**Your objective**. In the entries below, find the line with "01AYH313600A480 KADIN Deri" and the line with "Butterfly Wing Cotton - Burnt Orange"; give again those lines and every line between them, exactly.

**The data**.

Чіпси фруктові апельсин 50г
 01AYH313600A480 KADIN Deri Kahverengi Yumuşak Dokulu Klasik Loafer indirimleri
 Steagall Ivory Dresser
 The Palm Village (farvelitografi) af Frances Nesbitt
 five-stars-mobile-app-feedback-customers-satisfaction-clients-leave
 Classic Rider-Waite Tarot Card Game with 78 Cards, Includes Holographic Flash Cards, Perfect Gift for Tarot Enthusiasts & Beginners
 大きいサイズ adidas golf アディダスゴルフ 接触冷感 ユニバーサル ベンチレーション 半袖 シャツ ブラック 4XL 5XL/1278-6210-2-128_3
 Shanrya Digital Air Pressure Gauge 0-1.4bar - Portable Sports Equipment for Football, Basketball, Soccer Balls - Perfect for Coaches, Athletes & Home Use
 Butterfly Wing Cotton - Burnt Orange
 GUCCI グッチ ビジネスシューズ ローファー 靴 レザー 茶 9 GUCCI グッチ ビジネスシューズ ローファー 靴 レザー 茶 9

**Written solution**.
 01AYH313600A480 KADIN Deri Kahverengi Yumuşak Dokulu Klasik Loafer indirimleri
 Steagall Ivory Dresser
 The Palm Village (farvelitografi) af Frances Nesbitt
 five-stars-mobile-app-feedback-customers-satisfaction-clients-leave
 Classic Rider-Waite Tarot Card Game with 78 Cards, Includes Holographic Flash Cards, Perfect Gift for Tarot Enthusiasts & Beginners
 大きいサイズ adidas golf アディダスゴルフ 接触冷感 ユニバーサル ベンチレーション 半袖 シャツ ブラック 4XL 5XL/1278-6210-2-128_3
 Shanrya Digital Air Pressure Gauge 0-1.4bar - Portable Sports Equipment for Football, Basketball, Soccer Balls - Perfect for Coaches, Athletes & Home Use
 Butterfly Wing Cotton - Burnt Orange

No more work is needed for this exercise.